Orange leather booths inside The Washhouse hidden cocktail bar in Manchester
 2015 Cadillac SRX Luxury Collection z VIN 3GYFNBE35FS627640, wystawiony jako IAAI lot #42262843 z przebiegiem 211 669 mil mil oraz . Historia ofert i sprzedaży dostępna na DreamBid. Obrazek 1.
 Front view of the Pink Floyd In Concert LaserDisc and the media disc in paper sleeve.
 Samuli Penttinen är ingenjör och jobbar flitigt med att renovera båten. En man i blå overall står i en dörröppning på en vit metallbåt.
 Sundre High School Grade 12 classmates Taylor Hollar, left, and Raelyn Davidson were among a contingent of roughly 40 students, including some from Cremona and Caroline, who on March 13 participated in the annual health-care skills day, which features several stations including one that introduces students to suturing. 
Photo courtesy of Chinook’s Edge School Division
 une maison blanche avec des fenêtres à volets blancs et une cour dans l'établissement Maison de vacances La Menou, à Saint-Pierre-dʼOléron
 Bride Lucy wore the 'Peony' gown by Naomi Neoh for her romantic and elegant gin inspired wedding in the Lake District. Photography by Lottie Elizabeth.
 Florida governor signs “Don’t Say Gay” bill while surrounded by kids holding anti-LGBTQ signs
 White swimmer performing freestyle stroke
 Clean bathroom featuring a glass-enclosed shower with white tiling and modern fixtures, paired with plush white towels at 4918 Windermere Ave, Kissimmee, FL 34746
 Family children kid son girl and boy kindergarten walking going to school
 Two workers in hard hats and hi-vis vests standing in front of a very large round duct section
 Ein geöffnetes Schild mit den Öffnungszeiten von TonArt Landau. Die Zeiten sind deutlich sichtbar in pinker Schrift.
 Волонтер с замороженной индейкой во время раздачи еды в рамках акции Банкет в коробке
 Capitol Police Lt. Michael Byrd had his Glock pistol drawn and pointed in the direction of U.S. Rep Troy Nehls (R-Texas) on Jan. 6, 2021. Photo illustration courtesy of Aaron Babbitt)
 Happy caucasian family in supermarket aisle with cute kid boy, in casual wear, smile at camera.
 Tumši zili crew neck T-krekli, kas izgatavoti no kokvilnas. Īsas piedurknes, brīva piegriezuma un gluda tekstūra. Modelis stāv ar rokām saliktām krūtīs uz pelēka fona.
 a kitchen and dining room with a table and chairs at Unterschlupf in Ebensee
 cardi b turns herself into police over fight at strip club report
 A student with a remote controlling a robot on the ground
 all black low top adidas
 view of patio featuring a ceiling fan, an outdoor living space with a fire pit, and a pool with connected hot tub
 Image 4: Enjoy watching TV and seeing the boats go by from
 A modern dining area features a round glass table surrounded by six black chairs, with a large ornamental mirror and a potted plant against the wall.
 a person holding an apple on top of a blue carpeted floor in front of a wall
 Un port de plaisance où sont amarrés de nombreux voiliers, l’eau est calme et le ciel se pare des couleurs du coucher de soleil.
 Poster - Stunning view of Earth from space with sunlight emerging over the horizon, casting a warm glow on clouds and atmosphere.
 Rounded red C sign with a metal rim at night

## Aim of the exercise:
An exact copy of all the entries above is what is needed.

## Answer:
Orange leather booths inside The Washhouse hidden cocktail bar in Manchester
 2015 Cadillac SRX Luxury Collection z VIN 3GYFNBE35FS627640, wystawiony jako IAAI lot #42262843 z przebiegiem 211 669 mil mil oraz . Historia ofert i sprzedaży dostępna na DreamBid. Obrazek 1.
 Front view of the Pink Floyd In Concert LaserDisc and the media disc in paper sleeve.
 Samuli Penttinen är ingenjör och jobbar flitigt med att renovera båten. En man i blå overall står i en dörröppning på en vit metallbåt.
 Sundre High School Grade 12 classmates Taylor Hollar, left, and Raelyn Davidson were among a contingent of roughly 40 students, including some from Cremona and Caroline, who on March 13 participated in the annual health-care skills day, which features several stations including one that introduces students to suturing. 
Photo courtesy of Chinook’s Edge School Division
 une maison blanche avec des fenêtres à volets blancs et une cour dans l'établissement Maison de vacances La Menou, à Saint-Pierre-dʼOléron
 Bride Lucy wore the 'Peony' gown by Naomi Neoh for her romantic and elegant gin inspired wedding in the Lake District. Photography by Lottie Elizabeth.
 Florida governor signs “Don’t Say Gay” bill while surrounded by kids holding anti-LGBTQ signs
 White swimmer performing freestyle stroke
 Clean bathroom featuring a glass-enclosed shower with white tiling and modern fixtures, paired with plush white towels at 4918 Windermere Ave, Kissimmee, FL 34746
 Family children kid son girl and boy kindergarten walking going to school
 Two workers in hard hats and hi-vis vests standing in front of a very large round duct section
 Ein geöffnetes Schild mit den Öffnungszeiten von TonArt Landau. Die Zeiten sind deutlich sichtbar in pinker Schrift.
 Волонтер с замороженной индейкой во время раздачи еды в рамках акции Банкет в коробке
 Capitol Police Lt. Michael Byrd had his Glock pistol drawn and pointed in the direction of U.S. Rep Troy Nehls (R-Texas) on Jan. 6, 2021. Photo illustration courtesy of Aaron Babbitt)
 Happy caucasian family in supermarket aisle with cute kid boy, in casual wear, smile at camera.
 Tumši zili crew neck T-krekli, kas izgatavoti no kokvilnas. Īsas piedurknes, brīva piegriezuma un gluda tekstūra. Modelis stāv ar rokām saliktām krūtīs uz pelēka fona.
 a kitchen and dining room with a table and chairs at Unterschlupf in Ebensee
 cardi b turns herself into police over fight at strip club report
 A student with a remote controlling a robot on the ground
 all black low top adidas
 view of patio featuring a ceiling fan, an outdoor living space with a fire pit, and a pool with connected hot tub
 Image 4: Enjoy watching TV and seeing the boats go by from
 A modern dining area features a round glass table surrounded by six black chairs, with a large ornamental mirror and a potted plant against the wall.
 a person holding an apple on top of a blue carpeted floor in front of a wall
 Un port de plaisance où sont amarrés de nombreux voiliers, l’eau est calme et le ciel se pare des couleurs du coucher de soleil.
 Poster - Stunning view of Earth from space with sunlight emerging over the horizon, casting a warm glow on clouds and atmosphere.
 Rounded red C sign with a metal rim at night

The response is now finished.